Friday, March 27, 2009

Chasing Carbon Capture

Article

Oh, those lovely photo-ops, Ms. Raitt! Nothing could be sexier than carbon capture, and that's a really big photo.

Will carbon capture actually do anything in the long run? First of all, you need to burn a lot more carbon purifying and injecting that stuff down a hole. Second, the co2 is freely available at the oil or coal sites, which have been punctured by a zillion swiss-cheese holes. I just don't see this working, and with a low muttered voice, I suspect some good old-fashioned porkifying here.

But I see co2 becoming a much more important industrial material. Maybe one day they will mix co2 with natural gas and extract it at the end, or maybe we'll see dedicated co2 pipelines. This has something to do with the hydrogen economy.

Since naked hydrogen is the world's worst fuel, I am following all the work to make synthetic hydrocarbons.

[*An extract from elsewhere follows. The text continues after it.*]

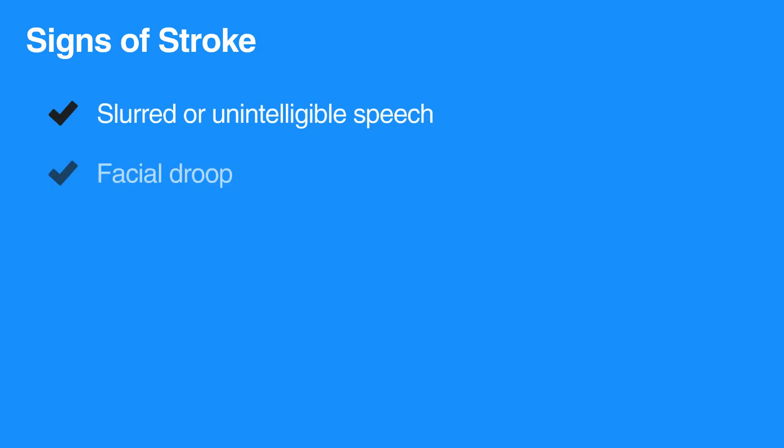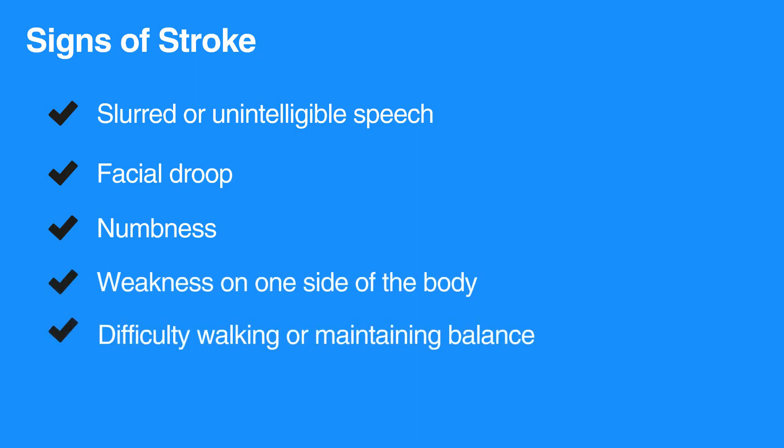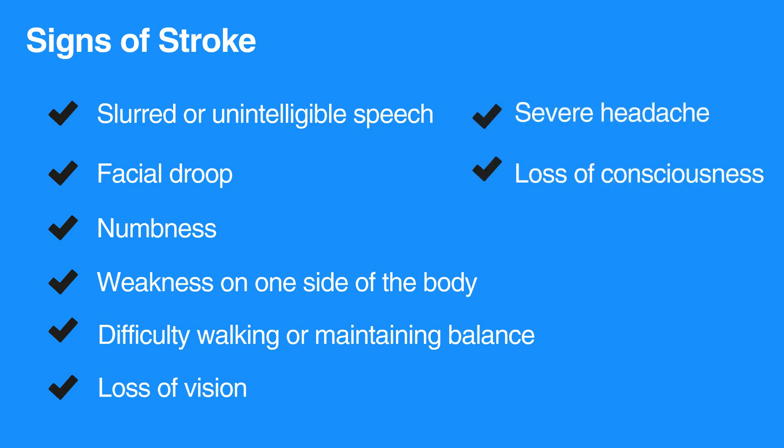Individuals experiencing a stroke will have noticeable neurological deficits, such as slurred or unintelligible speech, facial droop, numbness, weakness on one side of the body, difficulty walking or maintaining balance, loss of vision, severe headache, and/or loss of consciousness.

The carbon acts as a binder to H2 and you can make Methanol or Octanol, which is also making it big in the biofuels area.

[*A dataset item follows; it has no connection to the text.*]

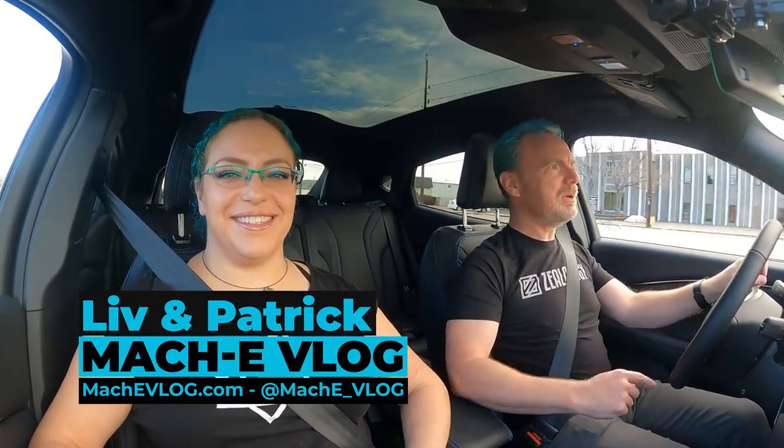Hi, I'm Patrick and I'm Liv, and today we're going on a mini road trip into the Colorado mountains for a full day of driving and exploring. Let's get started.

If captured co2 were cheaper and more abundant, we would see all sorts of uses that would save energy, and thus reduce the carbon burning.

2 comments:

Anonymous said...

I'm sure a bunch of the money Prez O is giving the science community will be spent on this area of research. I agree that injecting pressurized gas into fractured rock formations is likely to lead to a lot of leakage and loss back into the atmosphere.
Hopefully this will work. Makes sense to me that permanently converting co2 to rock would be preferable.

Harold Asmis said...

OMG... They're wasting good soda water!